Most people use the word obsession loosely. I have a patient who travels with the Rangers hockey team to see all their away games. She is often described by her friends as being obsessed with the Rangers. Another patient (actually, a handful of patients) are preoccupied by thoughts of their previous boyfriends/girlfriends, calling them up, driving to their houses to see if their cars are there, wondering how to handle the next chance encounter with that person. They describe themselves as obsessed with these ex-boy/girl  friends. These are not true obsessions.  These are behaviors that the individual recognizes as an expression of their feelings and thoughts. Although they recognize that their behavior may seem exaggerated to others, they understand that it grows out of real desires and concerns that they have. Obsessions are intrusive thoughts that are troublesome and “ego-dystonic,” which mean that they seem to come from outside of themselves. They are not expressive of the person’s real intent.  They are not simply a preoccupation, as someone might feel about politics, or religion, or the chance of a nuclear accident; they are rather a symptom, an upsetting thought that they wish they did not have.

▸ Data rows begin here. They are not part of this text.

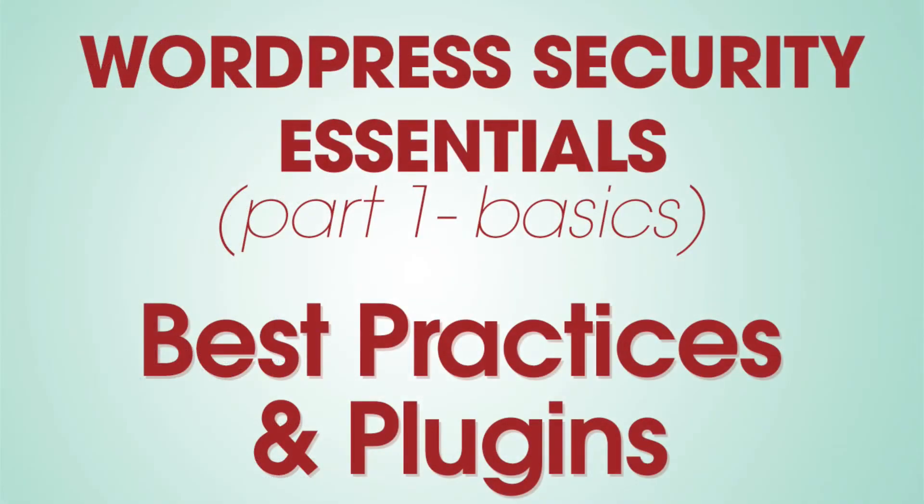If you run a WordPress website, you know that security is very important and can sometimes be tough to do. My name is Peter Krzyczak and I'm going to take you through the WordPress security essentials and the best practices you need to follow.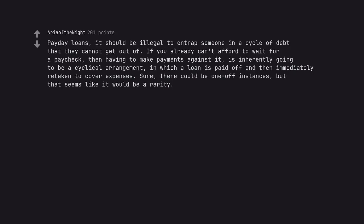Payday loans. It should be illegal to entrap someone in a cycle of debt that they cannot get out of. If you already can't afford to wait for a paycheck, then having to make payments against it is inherently going to be a cyclical arrangement, in which a loan is paid off and then immediately retaken to cover expenses. Sure, there could be one-off instances, but that seems like it would be a rarity.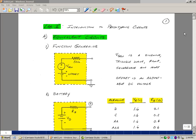Lab number two is entitled Prototyping Circuits. What we're going to take a look at in lab this week is building a circuit on a solderless board.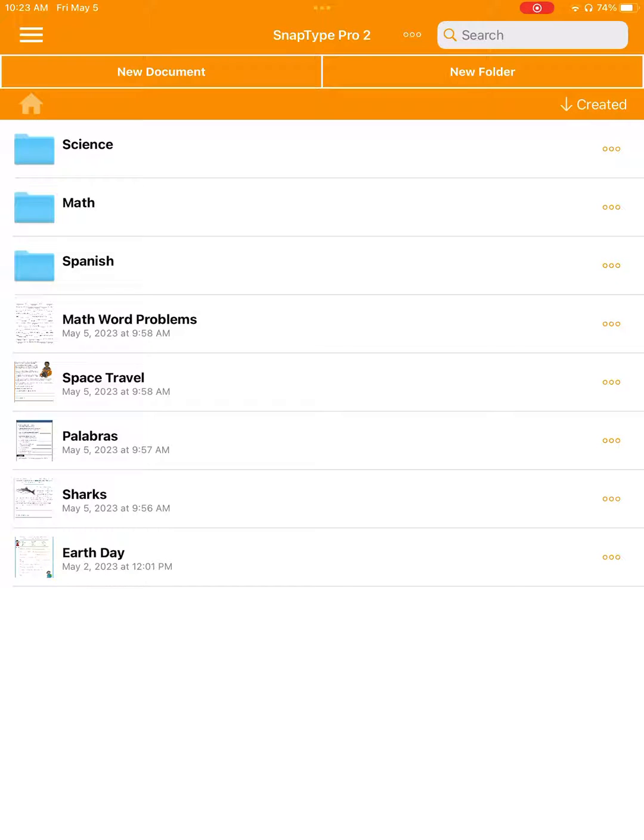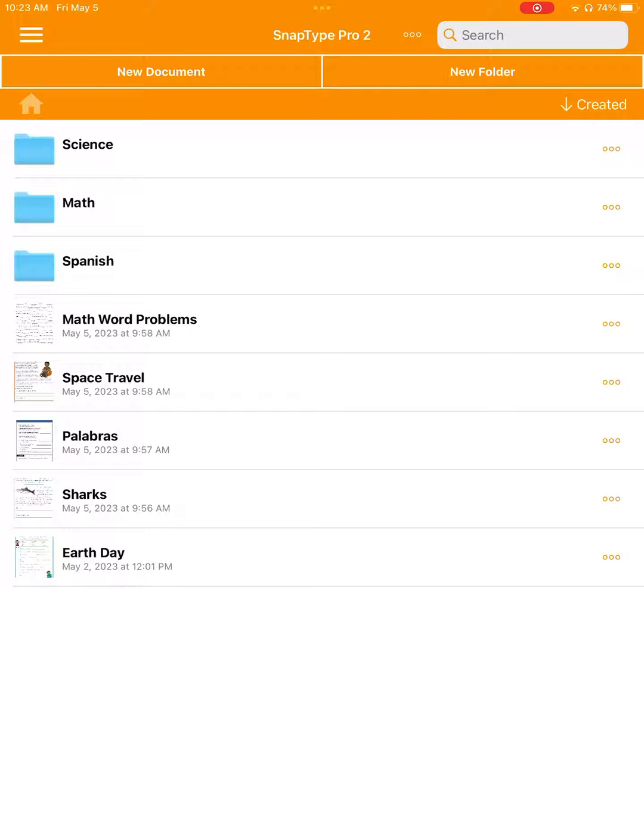One of the most commonly requested features we receive is file sorting. I'm so happy to say that in SnapType Pro 2, we can sort files alphabetically, by the date they were created, or by the date that they were last modified.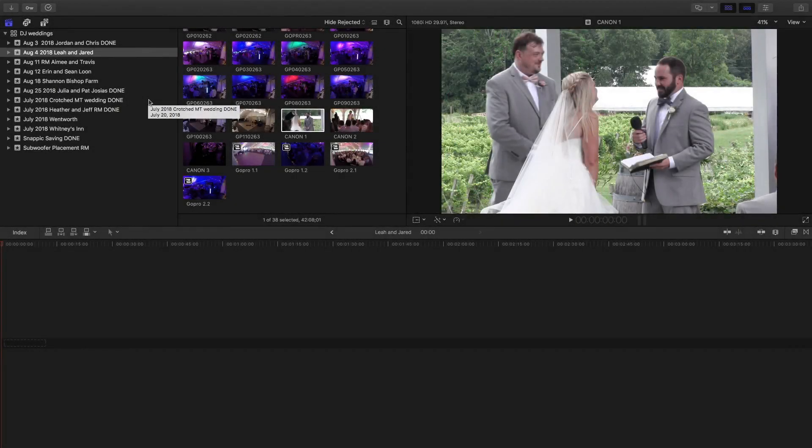This is Final Cut 10.3.4. I'm using this rather than the newest version 11.4 because I have some compatibility issues with AVCHD files, so I went back to an older version. It's working fine for me right now, but I'd like to show you how I deal with simple multi-cam editing.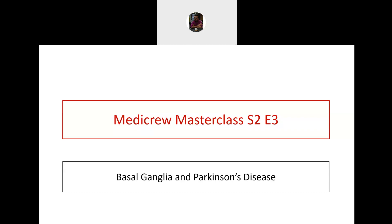This is the third episode of the second season of the MediQ masterclasses. Today we are going to discuss the physiology of basal ganglia and its role in the pathophysiology of Parkinson's disease and principles of management. The webinar is divided into two sections: the first covers physiology of basal ganglia, and the second covers pathophysiology and management of Parkinson's disease.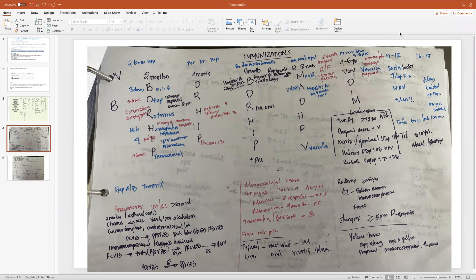Hi everyone, thank you for joining me today. We will be going over immunization mnemonics. Before we get started, I wanted to share a few things that are going to be useful in your exam preparation. I apologize for using PowerPoints, but I feel that's the best way to present my information.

Patients suffering from obsessive-compulsive disorder (OCD) have a variety of obsessions, most of which suggest to them a danger which requires them to behave in certain ways to mitigate that danger. Some of these obsessions have to do with germs, fires from household appliances, intruders, ill health, or the possibility of bad things happening to members of their families. Phobic patients, on the other hand, can be said to be obsessed, speaking loosely, about being trapped, or losing control of themselves,  while driving, or of having a panic attack on an airplane or in other  such situations where they think they could lose conceivably lose control of themselves. Since they really believe in these risks, these preoccupations are not true obsessions.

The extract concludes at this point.